• EXERCISE DETAILS
Could the data below please be reproduced word for word, without the pictures?

Segment Start: PROVIDED DATA

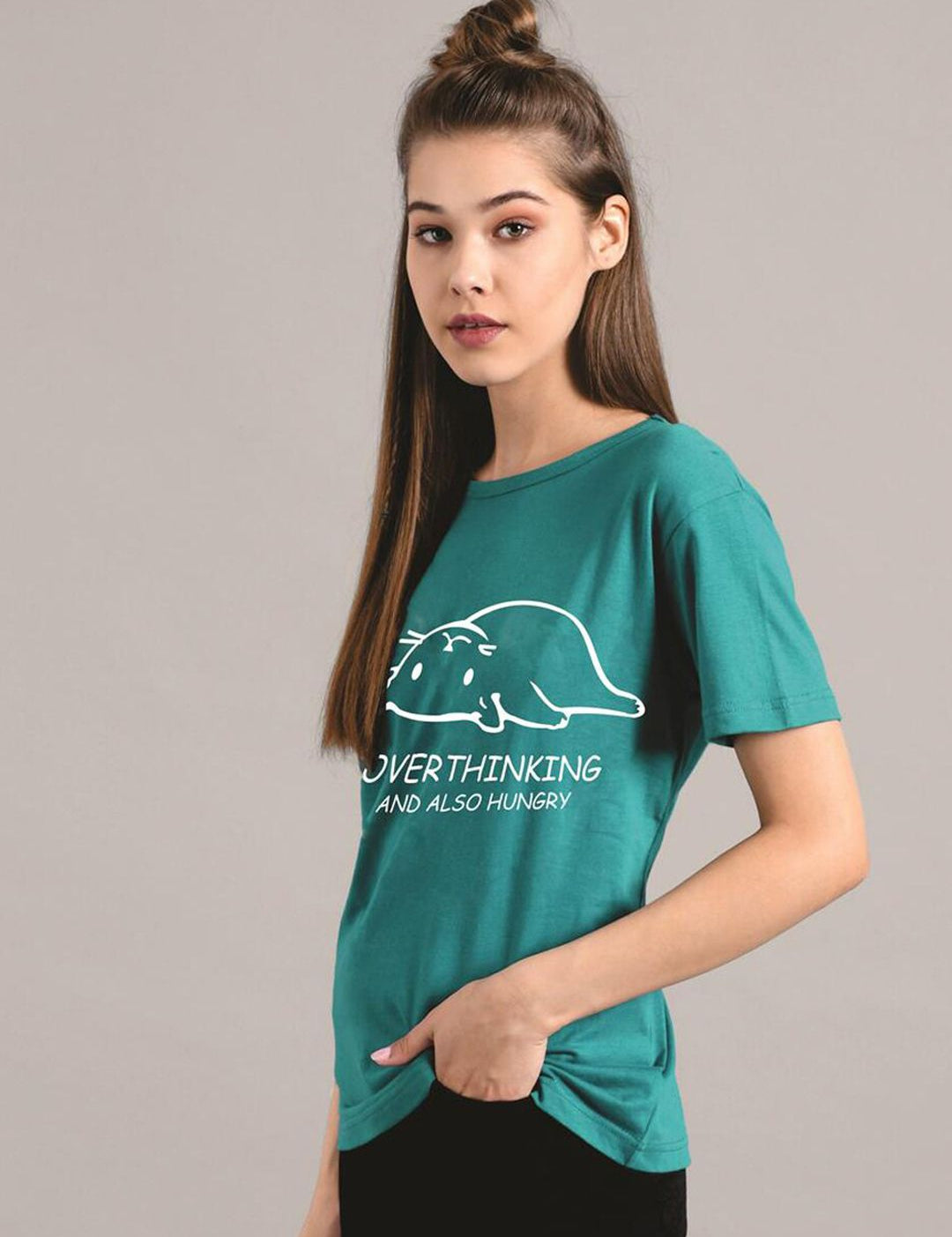 Kotty Women Green Printed Round Neck T-shirt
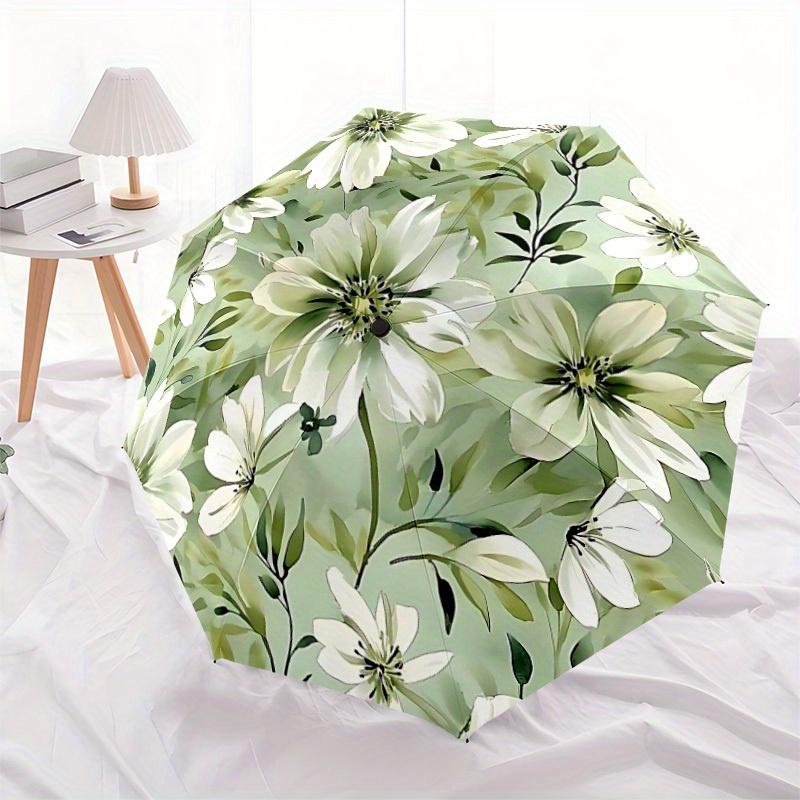 1pc Floral Pattern Automatic Opening/Closing Folding Umbrella with 36 Ribs, Plastic Handle, Windproof Portable Sunshade Umbrella Y250726076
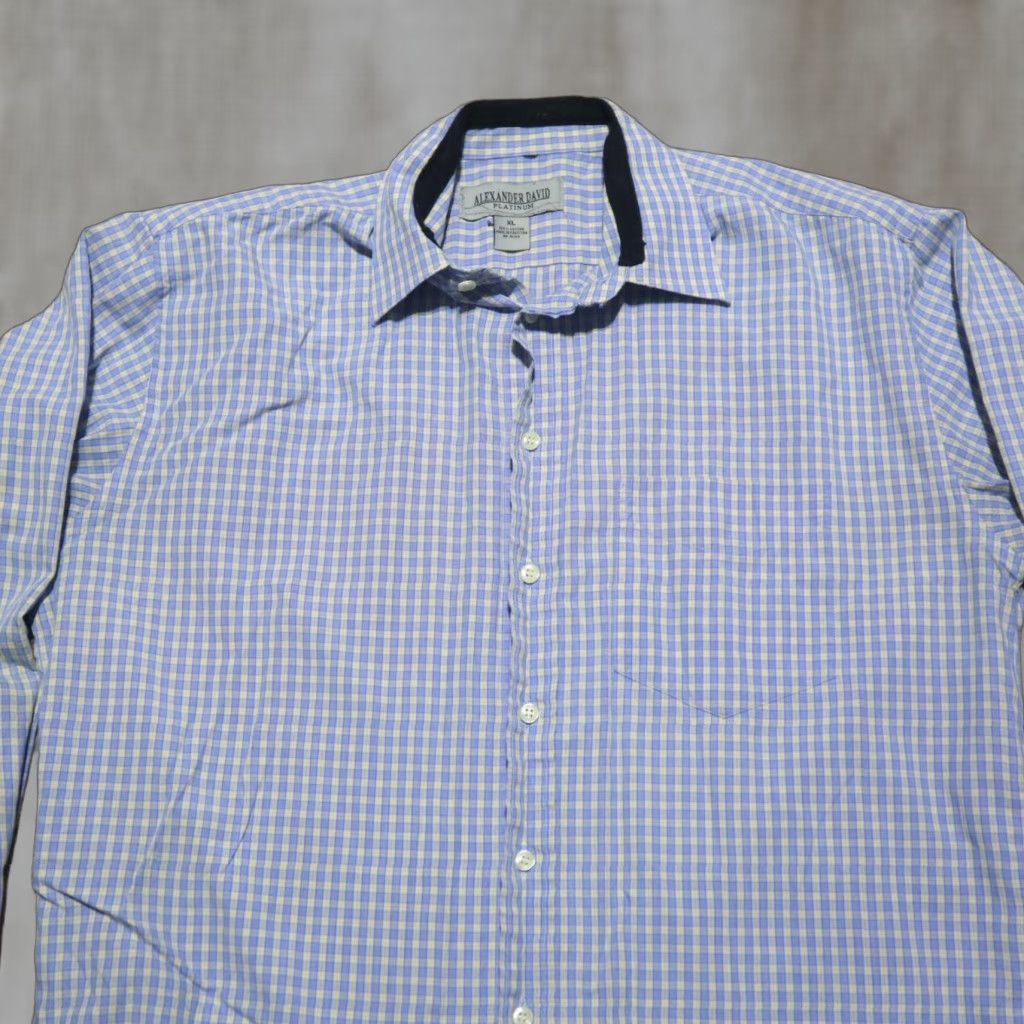 Vintage David Alexander Shirt Men XL Blue Plaid Button Down Long Sleeve Size US XL / EU 56 / 4 - 1 Thumbnail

Segment End: PROVIDED DATA

• TASK OUTPUT
 Kotty Women Green Printed Round Neck T-shirt
 1pc Floral Pattern Automatic Opening/Closing Folding Umbrella with 36 Ribs, Plastic Handle, Windproof Portable Sunshade Umbrella Y250726076
 Vintage David Alexander Shirt Men XL Blue Plaid Button Down Long Sleeve Size US XL / EU 56 / 4 - 1 Thumbnail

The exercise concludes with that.